Aber es geht auch anders. In vielen Abschnitten im Westen, Nordwesten und Südwesten der Insel ist entlang der Strände noch etwas von der ‚künstlichen‘ Anlage des nahezu geschlossenen Kokospalmengürtels zu sehen, die in Zeiten der ersten Besiedelung entstanden. Auf Samui darf generell nur maximal „palmenhoch“, also in der Regel zweigeschossig, gebaut werden, wodurch große Hotelbauten vermieden und das ursprüngliche Flair erhalten werden sollen. Während man im Osten diese Regelung durch extrem dichte Bebauung umgeht, macht sich diese Vorschrift andererorts wohltuend bemerkbar. Gerade im Nordosten um Bo Phut haben sich in den letzten Jahren viele Luxusresorts niedergelassen, allerdings muss man anerkennend feststellen, dass viele Ketten, wie zum Beispiel das Four Seasons, Ritz Carlton und Six Senses, sich bemüht haben, sich in die Umgebung nachhaltig und fast unsichtbar einzufügen. Schmerzhaft ist es aber in einem Atemzug, wenn man beobachten muss, wie sich supermoderne weiße Betonhäuser in einen Berg hinein graben und vom Regenwald allenfalls eine Deko-Attrappe zurückbleibt.
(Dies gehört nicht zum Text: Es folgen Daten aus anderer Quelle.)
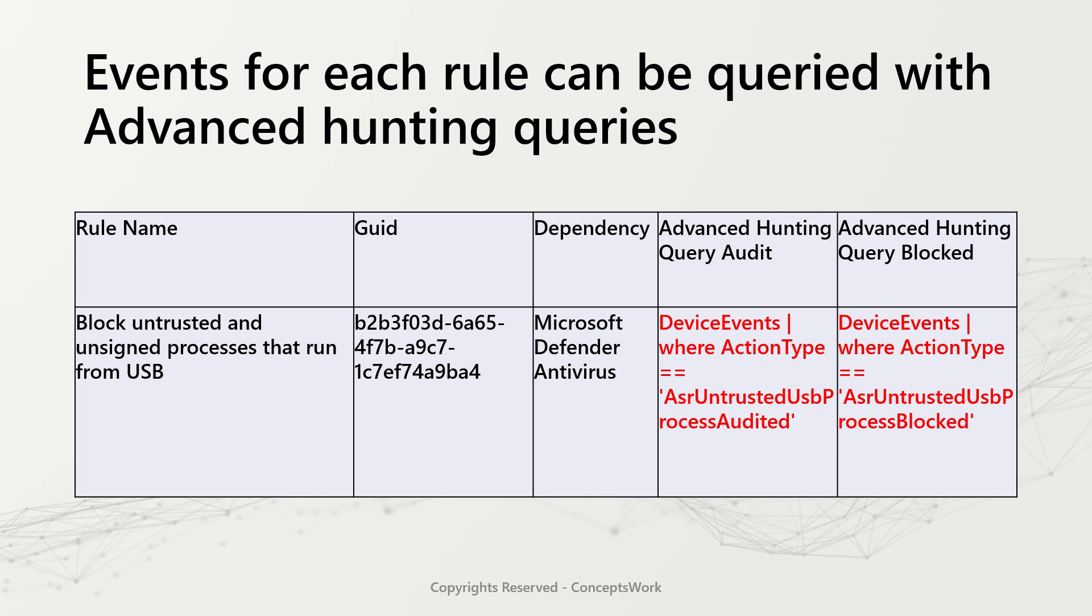If you want to go ahead and query events specifically related to this rule, query DeviceEvents where ActionType is AsrUntrustedUsbProcessAudited or Blocked.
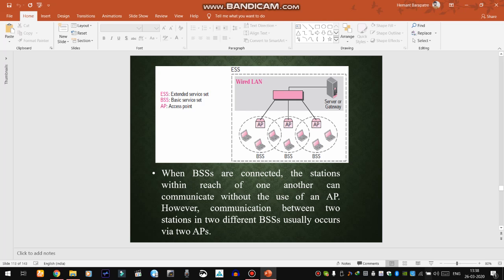The infrastructure architecture of wireless LAN has multiple BSSs, along with a server, gateway, or central station providing services to access points, which connect the BSSs with each other. This whole infrastructure is called an infrastructure network, and the collection of BSSs is called an Extended Service Set. When BSSs are connected, stations within reach can communicate without an access point; however, communication between stations in different BSSs usually occurs via two access points.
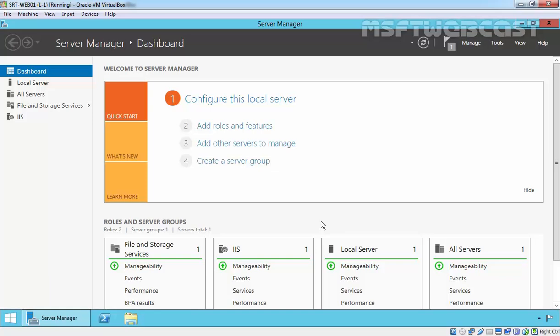Hello Friends, welcome to MSFT Webcast. In this video demonstration, we are going to see how to request and install SSL certificates on Microsoft IIS Server.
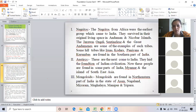The Negritos from Africa were the earliest group which came to India. They survived in their original living space in Andaman and Nicobar Island. The Jaravas, Onges, and Sentinelese are examples of such tribes. Some hill tribes like Irulas, Kodars, Paniyans, and Kurumbas are found in the southern part of India.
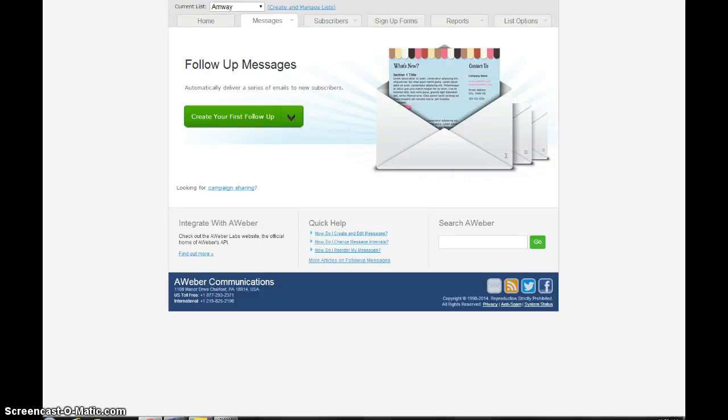Okay guys, welcome back to Newbie Marketing University. We're going to continue our basic training series on how to use AWeber.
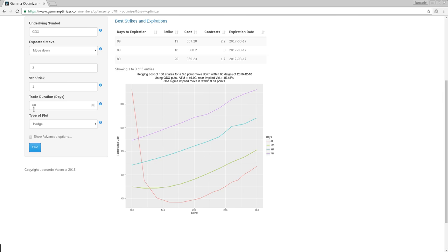Right here, for instance, at 60 days, there are not a single option that will hedge you because all of the best hedge are more expensive than the maximum loss.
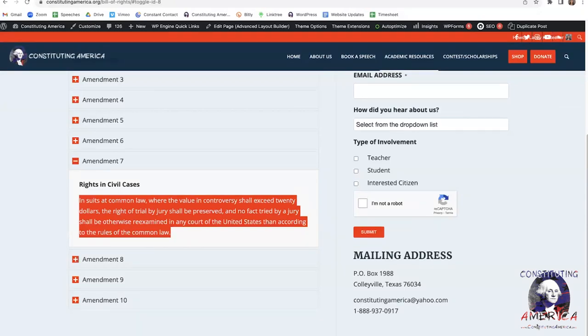What would that apply to? A couple of things come immediately to mind. One is maritime law — the federal courts might have jurisdiction over a maritime case, but you wouldn't be entitled to a jury because it's not a suit at common law. It also does not apply to administrative law. If you are in an administrative court, which is set up by regulators as part of the executive branch, you're not entitled to a jury there either.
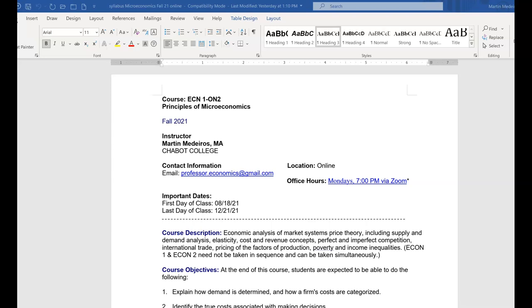Hello everyone, my name is Martin Medeiros and I'm going to be your instructor for Econ 1 Microeconomics. I just wanted to take this time to introduce myself and to go over how this class is going to be operating on a week-to-week basis. I'm not going to be covering any content, I just want to make sure that you know what to expect and that there are no surprises.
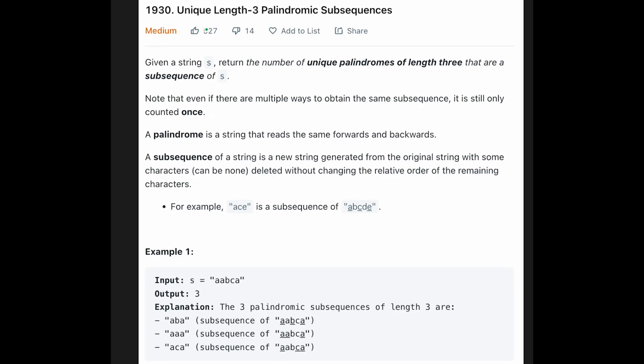Hi everyone! Today we are going to solve the LeetCode question, unique length of three palindromic subsequences. So you are given a string s, return the number of unique palindromes of length 3 that are subsequence of s. Note that even if there are multiple ways to obtain the same subsequence, it is still only counted once.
Die hohe Zahl an Touristen hat leider auch andere Auswirkungen. Die Preise für Lebensmittel sind generell massiv gestiegen, für Fleisch und Reis zum Beispiel innerhalb weniger Jahre um 300 Prozent. Einheimischen bezahlen mittlerweile bei ihren lokalen Händlern die gleichen Preise wie die Touristen. Während es früher üblich war, auf den Märkten Fisch auch in zerteilten Stücken zu kaufen, werden heute oft nur noch ganze Fische angeboten, da dies von den Touristenrestaurants bevorzugt wird, welche auch die größten Abnehmer sind. Andererseits bieten die vielen Hotels und Restaurants Arbeitsplätze für die ganze Familie, sodass man sich vom Verdienst einen Hausumbau und vielleicht auch ein Auto leisten kann. Ob das ein wünschenswertes Ziel und ein Weg in die richtige Richtung ist, bleibt dahin gestellt.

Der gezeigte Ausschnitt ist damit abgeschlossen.